Preston Mitchum on Roe and Reproductive Justice, Steven Rosenfeld on Arizona Audit

 

Reproductive rights rally, Chicago, 2019

(cc photo: Charles Edward Miller)

This week on CounterSpin: When Clyde Chambliss, Alabama senate sponsor of a 2019 law banning virtually all abortion—no exceptions for rape or incest—was asked whether the law would likewise criminalize in vitro fertilization clinics that discard embryos, his answer was: “The egg in the lab doesn’t apply. It’s not in a woman.” Let that sit a minute.
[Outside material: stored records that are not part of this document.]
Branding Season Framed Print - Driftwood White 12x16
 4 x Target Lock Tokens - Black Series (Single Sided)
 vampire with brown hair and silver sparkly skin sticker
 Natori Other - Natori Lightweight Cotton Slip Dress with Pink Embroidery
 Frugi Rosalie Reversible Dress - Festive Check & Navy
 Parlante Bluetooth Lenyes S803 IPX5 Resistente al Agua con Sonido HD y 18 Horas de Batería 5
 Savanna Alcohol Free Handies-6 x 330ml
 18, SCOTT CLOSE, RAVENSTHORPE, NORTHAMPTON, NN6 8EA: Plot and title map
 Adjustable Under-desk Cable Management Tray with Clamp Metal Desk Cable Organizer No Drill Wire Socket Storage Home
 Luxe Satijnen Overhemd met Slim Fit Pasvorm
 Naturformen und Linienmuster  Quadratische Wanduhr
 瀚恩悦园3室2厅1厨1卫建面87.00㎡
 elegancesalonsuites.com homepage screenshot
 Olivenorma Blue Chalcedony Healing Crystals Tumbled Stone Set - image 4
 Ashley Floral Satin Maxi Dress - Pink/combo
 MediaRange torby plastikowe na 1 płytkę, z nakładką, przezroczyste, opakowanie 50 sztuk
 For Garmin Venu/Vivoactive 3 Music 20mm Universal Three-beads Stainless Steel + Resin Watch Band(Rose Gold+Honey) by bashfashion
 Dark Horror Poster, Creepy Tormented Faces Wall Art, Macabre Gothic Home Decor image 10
The Guttmacher Institute’s Elizabeth Nash and Lauren Cross described right-wing ideologues who have pushed, since January, 536 abortion restrictions, including 146 abortion bans, introduced across 46 states, as “engaging in a shock and awe campaign against abortion rights as part of a large and deliberate attack on basic rights that also includes a wave of voter suppression laws and attacks on LGBTQ people.” Anti-reproductive rights folks have been shooting their shot for a while, and they now have a Supreme Court majority to help. So who’s speaking for the actual majority of US citizens who support a person’s right to determine whether and when to have a child? (You know most women who have abortions already have children, right?) Where are the news media that will not just acknowledge, but build reporting around the fact that abortion opponents are demonstrably unconcerned about actual women or their actual children? Who will connect the dots from anti-choice to anti-immigrant, anti–poor people, anti-healthcare, etc., lest “pro-life” be mistaken for pro-life?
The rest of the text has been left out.